Monday, August 2, 2010

Softball or tennis- spinning a ball

I have never pitched to a batter in softball.  I was enthralled by the pitching of Wayne Widdig in the great post WW II district tournaments in Mound Park in Portsmouth, Ohio.  I dreamed of giving his windup and slinging the ball at around a hundred miles and hour as Wayne did.  I did not give it sufficient practice for anybody to want me to pitch in a fast pitch game.  I spoke with Anne Marie and Eddie Feigner- playing wife and great pitcher of the "King and His Court" traveling softball team by phone a few times. 

My son, Jay, has always been a fine athlete and he could easily drive a slow pitch softball out of any park he played in.  He played no fast pitch softball that I recall; however he has caught nearly a quarter of a million pitches in practicing his fourteen year old daughter, Tobey, in softball pitching. 

My good friend, Dick Klitch, from Mound Park childhood and on throughout our lives has made a successful career from his professional tennis teaching.  Dick calls his  "meat and potatoes" tennis teaching.  So many Columbus, Portsmouth, and Columbus area students have benefitted greatly from Dick's "nuggets".  Dick's dad, Herman was also a "meat and potatoes" kids' baseball teacher in Portsmouth.   The spinning tennis ball also does similar or crazy things when it hits the court.  He made a fool out of several adversaries in his early days.  Anyway Dick is a master of spinning the tennis ball by hitting it with a racquet.
Spinning the ball is the art of making it do things as it wings through the air.  If the racquet or hand causes the ball to rotate counter-clockwise it will curve away from a right hander.  If the spin is left to right it will move towards the right hander.  If the ball is rotating downward, the ball will drop and if spinning upwards it will rise.  Speed and location, getting the ball quickly to where you want it to go, is where practrice develops the player's skills.

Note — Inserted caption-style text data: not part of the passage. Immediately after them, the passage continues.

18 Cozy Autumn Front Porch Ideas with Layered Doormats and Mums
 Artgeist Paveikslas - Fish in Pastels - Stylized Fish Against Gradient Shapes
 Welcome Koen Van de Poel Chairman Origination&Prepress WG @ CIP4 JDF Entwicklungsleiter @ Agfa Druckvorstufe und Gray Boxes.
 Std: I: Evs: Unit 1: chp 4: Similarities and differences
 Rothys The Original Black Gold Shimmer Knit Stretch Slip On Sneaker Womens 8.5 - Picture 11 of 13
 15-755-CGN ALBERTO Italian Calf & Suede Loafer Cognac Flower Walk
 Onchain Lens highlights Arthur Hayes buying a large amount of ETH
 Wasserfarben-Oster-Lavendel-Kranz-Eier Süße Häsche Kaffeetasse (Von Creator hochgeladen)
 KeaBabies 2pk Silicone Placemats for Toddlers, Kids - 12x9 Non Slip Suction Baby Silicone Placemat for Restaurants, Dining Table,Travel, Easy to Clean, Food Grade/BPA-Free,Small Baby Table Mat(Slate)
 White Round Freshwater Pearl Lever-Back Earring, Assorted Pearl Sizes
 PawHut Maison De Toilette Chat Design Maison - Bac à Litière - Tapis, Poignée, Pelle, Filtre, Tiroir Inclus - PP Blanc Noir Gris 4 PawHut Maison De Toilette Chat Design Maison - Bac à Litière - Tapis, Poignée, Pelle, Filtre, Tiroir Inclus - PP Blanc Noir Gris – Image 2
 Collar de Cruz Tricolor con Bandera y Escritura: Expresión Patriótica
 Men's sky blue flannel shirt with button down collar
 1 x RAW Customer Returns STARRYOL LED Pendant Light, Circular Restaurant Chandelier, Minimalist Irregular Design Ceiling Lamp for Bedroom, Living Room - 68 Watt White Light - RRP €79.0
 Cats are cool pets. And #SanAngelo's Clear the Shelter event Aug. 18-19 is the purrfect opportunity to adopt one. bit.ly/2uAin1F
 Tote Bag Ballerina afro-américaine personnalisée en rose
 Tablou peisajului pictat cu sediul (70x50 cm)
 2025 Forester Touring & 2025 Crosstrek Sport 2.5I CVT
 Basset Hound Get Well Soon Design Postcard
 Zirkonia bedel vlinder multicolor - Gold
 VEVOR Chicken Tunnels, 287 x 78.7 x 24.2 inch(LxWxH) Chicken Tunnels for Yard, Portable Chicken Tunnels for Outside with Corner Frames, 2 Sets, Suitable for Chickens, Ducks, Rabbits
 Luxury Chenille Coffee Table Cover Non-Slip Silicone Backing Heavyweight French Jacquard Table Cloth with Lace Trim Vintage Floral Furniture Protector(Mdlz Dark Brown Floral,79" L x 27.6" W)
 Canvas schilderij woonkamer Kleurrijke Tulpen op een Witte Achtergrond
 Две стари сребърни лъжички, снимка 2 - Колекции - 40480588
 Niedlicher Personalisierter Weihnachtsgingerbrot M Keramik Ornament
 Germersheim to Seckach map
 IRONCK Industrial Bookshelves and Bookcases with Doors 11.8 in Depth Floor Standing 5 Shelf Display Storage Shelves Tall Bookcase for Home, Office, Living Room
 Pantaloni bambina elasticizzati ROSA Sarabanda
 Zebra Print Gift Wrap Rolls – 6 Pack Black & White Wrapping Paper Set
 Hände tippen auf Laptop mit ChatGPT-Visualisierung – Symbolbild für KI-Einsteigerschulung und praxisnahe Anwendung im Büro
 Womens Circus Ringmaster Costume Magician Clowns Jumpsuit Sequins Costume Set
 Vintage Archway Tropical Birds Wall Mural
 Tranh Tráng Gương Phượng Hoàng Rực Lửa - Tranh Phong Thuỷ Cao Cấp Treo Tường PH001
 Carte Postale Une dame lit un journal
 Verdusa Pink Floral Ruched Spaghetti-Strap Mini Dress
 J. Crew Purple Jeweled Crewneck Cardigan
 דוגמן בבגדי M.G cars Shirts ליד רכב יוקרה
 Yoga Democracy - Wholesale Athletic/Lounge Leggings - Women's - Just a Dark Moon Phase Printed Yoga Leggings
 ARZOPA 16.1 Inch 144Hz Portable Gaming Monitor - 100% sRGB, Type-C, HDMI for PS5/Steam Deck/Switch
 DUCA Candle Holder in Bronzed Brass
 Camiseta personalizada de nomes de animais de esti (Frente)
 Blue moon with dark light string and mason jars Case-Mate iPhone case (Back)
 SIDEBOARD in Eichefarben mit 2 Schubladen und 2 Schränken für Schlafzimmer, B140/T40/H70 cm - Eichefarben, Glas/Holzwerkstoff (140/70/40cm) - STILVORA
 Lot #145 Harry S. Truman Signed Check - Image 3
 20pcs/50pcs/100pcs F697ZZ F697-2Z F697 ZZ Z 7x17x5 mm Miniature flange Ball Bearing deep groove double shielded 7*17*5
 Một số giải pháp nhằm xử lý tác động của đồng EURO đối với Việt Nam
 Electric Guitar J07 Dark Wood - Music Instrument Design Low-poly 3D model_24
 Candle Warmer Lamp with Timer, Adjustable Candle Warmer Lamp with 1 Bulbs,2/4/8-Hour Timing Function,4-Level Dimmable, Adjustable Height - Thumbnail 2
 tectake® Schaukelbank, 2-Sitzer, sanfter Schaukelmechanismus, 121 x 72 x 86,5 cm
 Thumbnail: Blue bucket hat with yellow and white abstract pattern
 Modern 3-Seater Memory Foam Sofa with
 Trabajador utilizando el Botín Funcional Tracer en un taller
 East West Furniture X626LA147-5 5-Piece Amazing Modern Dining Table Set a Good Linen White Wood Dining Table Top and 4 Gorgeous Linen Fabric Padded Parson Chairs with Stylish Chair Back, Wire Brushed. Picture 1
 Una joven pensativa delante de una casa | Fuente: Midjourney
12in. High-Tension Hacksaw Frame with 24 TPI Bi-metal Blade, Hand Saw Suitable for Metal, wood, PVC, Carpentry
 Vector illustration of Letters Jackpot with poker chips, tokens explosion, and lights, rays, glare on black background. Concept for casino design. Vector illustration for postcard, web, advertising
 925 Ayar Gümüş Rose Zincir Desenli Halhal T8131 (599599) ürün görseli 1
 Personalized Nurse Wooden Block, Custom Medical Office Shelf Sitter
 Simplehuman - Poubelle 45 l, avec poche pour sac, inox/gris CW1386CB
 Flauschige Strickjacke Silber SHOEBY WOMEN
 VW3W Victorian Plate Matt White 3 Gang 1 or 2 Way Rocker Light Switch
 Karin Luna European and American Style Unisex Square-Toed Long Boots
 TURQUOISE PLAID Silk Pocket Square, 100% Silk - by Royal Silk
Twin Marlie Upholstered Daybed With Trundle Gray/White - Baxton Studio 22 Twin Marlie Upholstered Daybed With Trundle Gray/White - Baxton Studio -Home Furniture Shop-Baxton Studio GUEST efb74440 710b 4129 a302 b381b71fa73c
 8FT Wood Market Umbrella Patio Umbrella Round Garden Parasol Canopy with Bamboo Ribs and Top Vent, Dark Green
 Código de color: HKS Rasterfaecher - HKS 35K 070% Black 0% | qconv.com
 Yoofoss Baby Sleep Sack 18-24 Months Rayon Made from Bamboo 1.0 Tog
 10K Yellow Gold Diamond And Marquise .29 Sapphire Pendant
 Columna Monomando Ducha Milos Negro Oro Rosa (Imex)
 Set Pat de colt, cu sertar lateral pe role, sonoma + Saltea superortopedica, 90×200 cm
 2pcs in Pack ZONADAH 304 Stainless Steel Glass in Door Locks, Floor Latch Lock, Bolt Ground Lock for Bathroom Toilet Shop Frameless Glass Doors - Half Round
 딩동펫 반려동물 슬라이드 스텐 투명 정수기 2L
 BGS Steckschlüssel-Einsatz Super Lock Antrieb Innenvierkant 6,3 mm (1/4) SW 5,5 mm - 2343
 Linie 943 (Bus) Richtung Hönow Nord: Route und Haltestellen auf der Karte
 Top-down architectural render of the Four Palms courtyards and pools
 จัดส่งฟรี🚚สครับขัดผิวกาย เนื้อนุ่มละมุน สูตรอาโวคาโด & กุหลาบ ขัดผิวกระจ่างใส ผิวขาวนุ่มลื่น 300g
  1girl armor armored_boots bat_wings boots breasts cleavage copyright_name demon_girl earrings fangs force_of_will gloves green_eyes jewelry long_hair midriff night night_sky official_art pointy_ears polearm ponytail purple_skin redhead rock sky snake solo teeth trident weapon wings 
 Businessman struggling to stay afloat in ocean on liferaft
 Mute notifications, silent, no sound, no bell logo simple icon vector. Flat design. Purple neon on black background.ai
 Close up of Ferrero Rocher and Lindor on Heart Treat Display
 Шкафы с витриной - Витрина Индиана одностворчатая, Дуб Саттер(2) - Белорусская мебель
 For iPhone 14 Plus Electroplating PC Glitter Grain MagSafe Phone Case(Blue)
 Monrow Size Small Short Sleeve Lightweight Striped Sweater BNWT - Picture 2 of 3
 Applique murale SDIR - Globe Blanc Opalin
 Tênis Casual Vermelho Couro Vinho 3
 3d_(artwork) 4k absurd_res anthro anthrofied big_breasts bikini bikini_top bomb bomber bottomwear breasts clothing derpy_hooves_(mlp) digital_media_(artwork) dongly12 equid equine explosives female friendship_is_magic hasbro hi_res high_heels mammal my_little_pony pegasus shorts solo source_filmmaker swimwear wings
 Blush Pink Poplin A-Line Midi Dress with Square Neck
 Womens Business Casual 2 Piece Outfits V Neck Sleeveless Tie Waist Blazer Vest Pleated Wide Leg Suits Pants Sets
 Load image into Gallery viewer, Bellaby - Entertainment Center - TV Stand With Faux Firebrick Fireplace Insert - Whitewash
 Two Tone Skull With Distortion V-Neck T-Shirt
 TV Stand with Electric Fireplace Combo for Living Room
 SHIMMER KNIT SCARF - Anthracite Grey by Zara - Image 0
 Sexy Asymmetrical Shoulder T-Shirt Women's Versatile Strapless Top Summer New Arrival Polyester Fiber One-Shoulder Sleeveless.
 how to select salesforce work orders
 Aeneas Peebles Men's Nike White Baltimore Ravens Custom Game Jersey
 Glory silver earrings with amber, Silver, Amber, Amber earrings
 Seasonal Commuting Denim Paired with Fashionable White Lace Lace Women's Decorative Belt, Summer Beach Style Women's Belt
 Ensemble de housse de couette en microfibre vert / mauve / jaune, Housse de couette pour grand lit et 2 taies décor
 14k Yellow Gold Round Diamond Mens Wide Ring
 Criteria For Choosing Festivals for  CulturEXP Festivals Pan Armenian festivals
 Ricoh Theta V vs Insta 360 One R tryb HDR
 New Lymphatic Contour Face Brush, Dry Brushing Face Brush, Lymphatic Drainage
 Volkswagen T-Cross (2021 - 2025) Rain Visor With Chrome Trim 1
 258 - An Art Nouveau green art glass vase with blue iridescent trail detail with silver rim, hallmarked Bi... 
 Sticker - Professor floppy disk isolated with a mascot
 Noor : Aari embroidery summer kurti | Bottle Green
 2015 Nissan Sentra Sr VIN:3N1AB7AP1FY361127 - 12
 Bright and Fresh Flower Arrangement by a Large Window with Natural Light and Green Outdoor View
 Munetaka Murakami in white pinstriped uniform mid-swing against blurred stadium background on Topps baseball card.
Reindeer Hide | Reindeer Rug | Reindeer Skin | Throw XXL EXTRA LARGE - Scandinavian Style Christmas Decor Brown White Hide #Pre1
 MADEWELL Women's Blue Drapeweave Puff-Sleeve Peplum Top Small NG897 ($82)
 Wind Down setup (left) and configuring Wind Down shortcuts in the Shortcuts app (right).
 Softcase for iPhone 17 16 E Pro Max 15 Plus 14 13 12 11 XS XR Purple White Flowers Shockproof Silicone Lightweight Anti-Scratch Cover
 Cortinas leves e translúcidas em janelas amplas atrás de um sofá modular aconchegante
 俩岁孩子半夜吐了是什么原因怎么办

Basketball passes can circle around a defender but I have not known of quarterbacks benefitring by spinning the ball except that the perfect spiral is a thing of beauty.

I am a pro at nothing but metallurgical engineering, years of amateur softball playing, and writing.  I have never volleyed a tennis ball.  But I admire the great athletes I see spinning the softballs and tennis balls and Jeanie and I love to watch our Tobey and Ida Scout as they and many girls have taken over in playing softball. 

I am hoping to have Tobey take a lesson from Dick in tennis this coming weekend so that at least she can not be too embarrassed in playing her boyfriend, Charlie, when he returns from camp next Sunday.